Try it = Transcribe only what runs from the line containing "Home Decoration 5D" through the final line below, exactly, and leave every picture out.

Data segment =
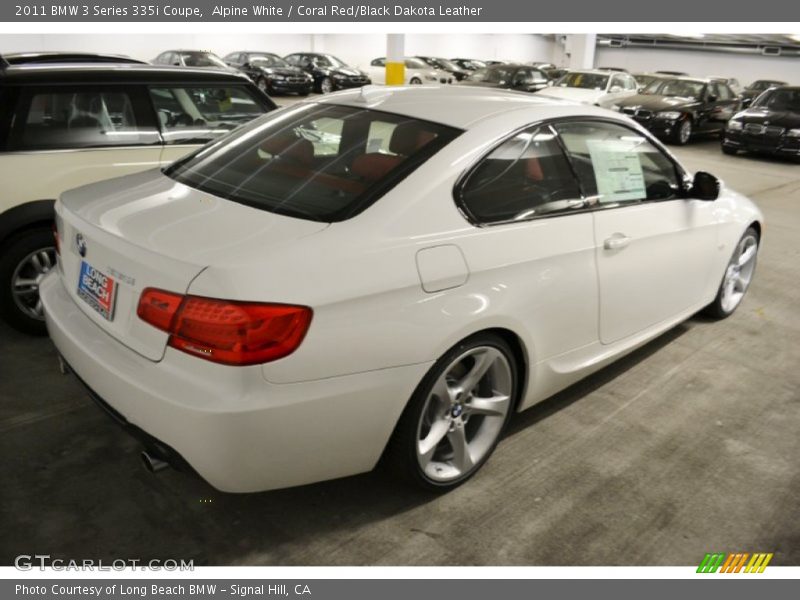 Alpine White / Coral Red/Black Dakota Leather 2011 BMW 3 Series 335i Coupe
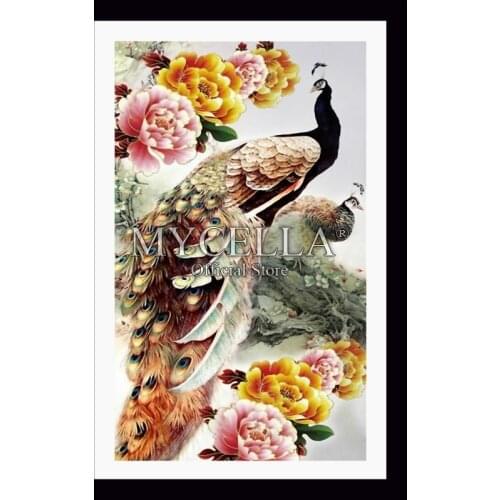 Home Decoration 5D Diy Diamond Painting Cross Stitch Peacock Peony Diamond Embroidery Crystal Full Round Diamond Mosaic Pictures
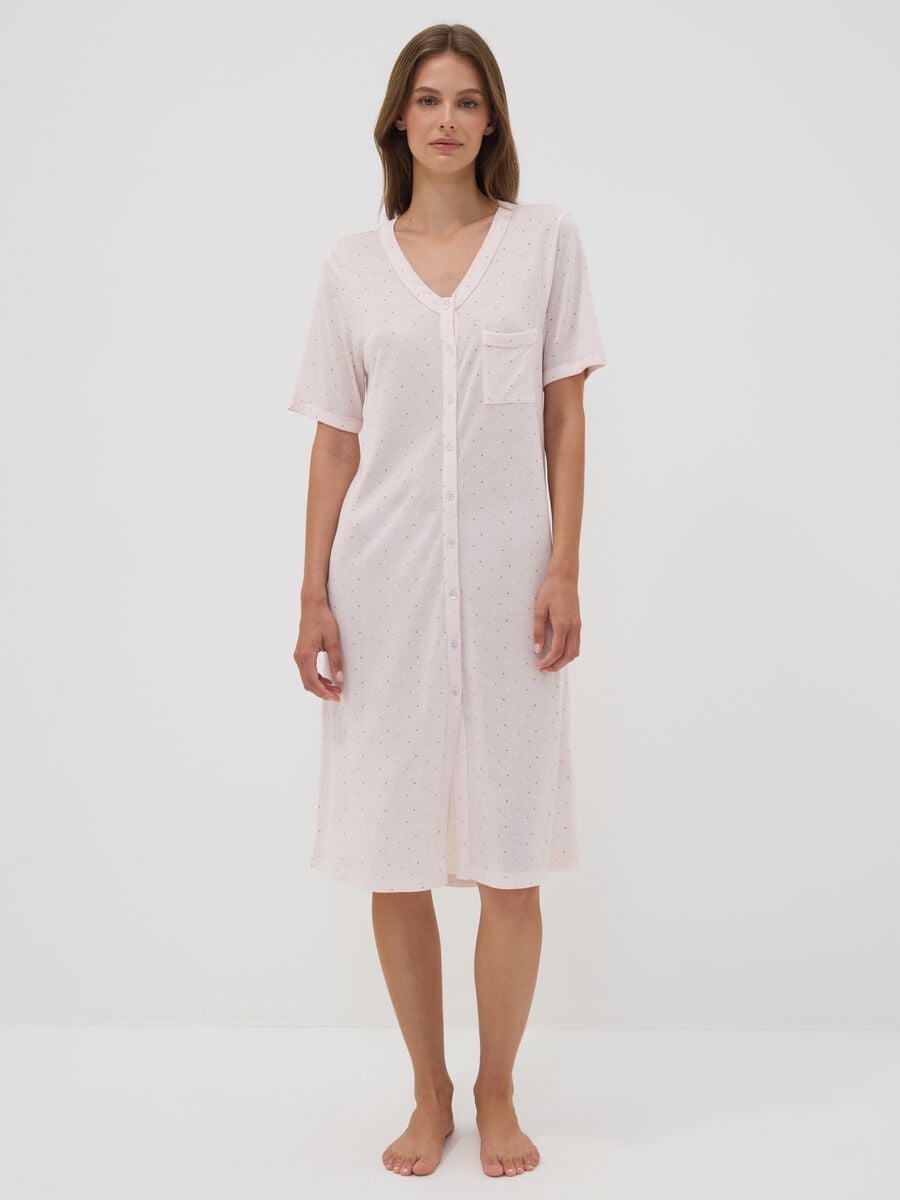 Pink polka-dot pure viscose nightshirt with V-neck_0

Result =
 Home Decoration 5D Diy Diamond Painting Cross Stitch Peacock Peony Diamond Embroidery Crystal Full Round Diamond Mosaic Pictures
 Pink polka-dot pure viscose nightshirt with V-neck_0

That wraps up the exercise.